No doubt, some brilliant graduate of a university program in Marketing looks out at city bus fleets that are rolling billboards – not just bedecked in ads but painted to be ads – and he stretches and says, eyes moist with emotion, “I thought of that. That’s my contribution!” If you sense a rant coming about universities that offer degrees in advanced consumerism, be very disappointed. I have other scabs to pick at. (But you might want to read Ivory Tower Blues.)

One bus ad that smacks me surly these days is for one of those skinny little newspapers that commuters get for free. In my city, it’s called Metro. Its selling slogan? Get. To. The. Point. The point, apparently, is that any daily paper that doesn’t deliver The News in a quickly digestible text-bite is wasting my precious time, at best, and branding me as a hopelessly out-of-date codger, at worst. There is no time to think, slowhand. Never mind nuance, you old ninny. Understanding is a luxury we can’t afford. Nothing to see here, folks, so keep moving.

Have you read any of these things? It’s certainly efficient, and eminently disposable; just leave it on the seat next to you after four minutes. I suppose I should consider that some reading of yesterday’s news is better than none, slightly more insightful than Hot 108 in your ear-buds, but I’m irritated anyway. In the spirit of Get. To. The. Point. my entry today should have read:

You know those newspapers that sell for free at bus shelters? They suck. So read a real newspaper. So read an actual book. So there.

Brevity is the soul of wit, I’ve heard that too, and there is a lot of bad writing in academic journals and elsewhere that could be improved by any high school English teacher with red ink to spare. Long-windedness is not a virtue, though some of my younger (non)readers might complain that I’m trying to make it one. But Metro would have us believe that we’re fine, we’re doing our Average Citizen Duty – and they’re happy to serve us – when we are easily bored, intolerant of complexity, and content to consider world events as ten-point answers in a workplace trivia game.

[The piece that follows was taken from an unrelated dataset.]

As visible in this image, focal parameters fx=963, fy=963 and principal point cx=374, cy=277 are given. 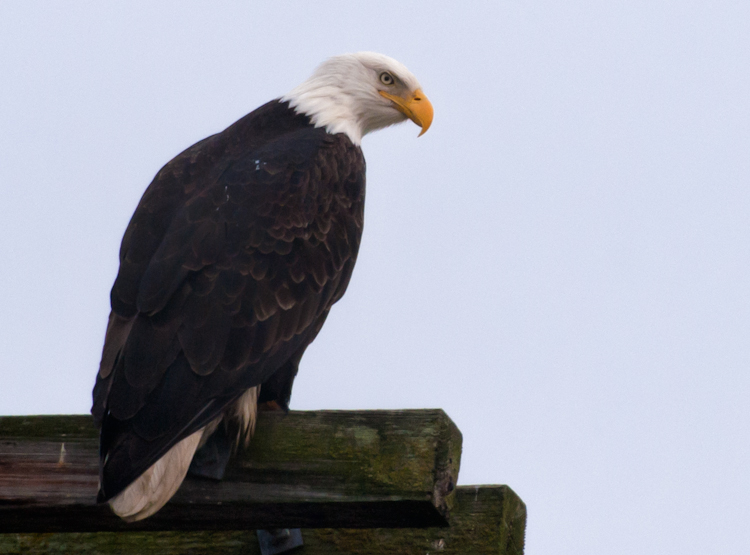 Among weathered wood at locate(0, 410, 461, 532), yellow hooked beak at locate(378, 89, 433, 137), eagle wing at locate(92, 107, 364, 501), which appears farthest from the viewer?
yellow hooked beak at locate(378, 89, 433, 137)

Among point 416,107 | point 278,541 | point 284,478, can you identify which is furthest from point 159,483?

IRAQ: Hundreds more dead. Another car-bomb. More important, fourteen American soldiers died in a helicopter crash. More numbers tomorrow.

MONTEBELLO: Harper met with President Bush about some ways to work together. Lots of people protested about something or other, and there was riot gear and arrests. Mexico’s top guy was there, too. He’s the short one.

SPORTS: These teams won, and these ones lost. Joe Football wants more money.

ARTS: ARTS? We’re getting to the Point, remember? But a famous bimbo did get arrested.

Get. To. The. Point. We’re all held at gunPoint, it seems to me, and not just by commuter newsrags. It’s so easy to become hostages to public impatience, to intentional ignorance, and to a sneering adolescent tone that dismisses thoughtful discussion as a quaint relic. Politicians are at gunPoint. Media pundits certainly are. What was once discourse appears as slogan. What could be consultation dissolves in rapid-fire cleverness. And what was intended as a thought-provoking Web log discussion of an admittedly minor social irritant was too long to read for almost everybody but YOU.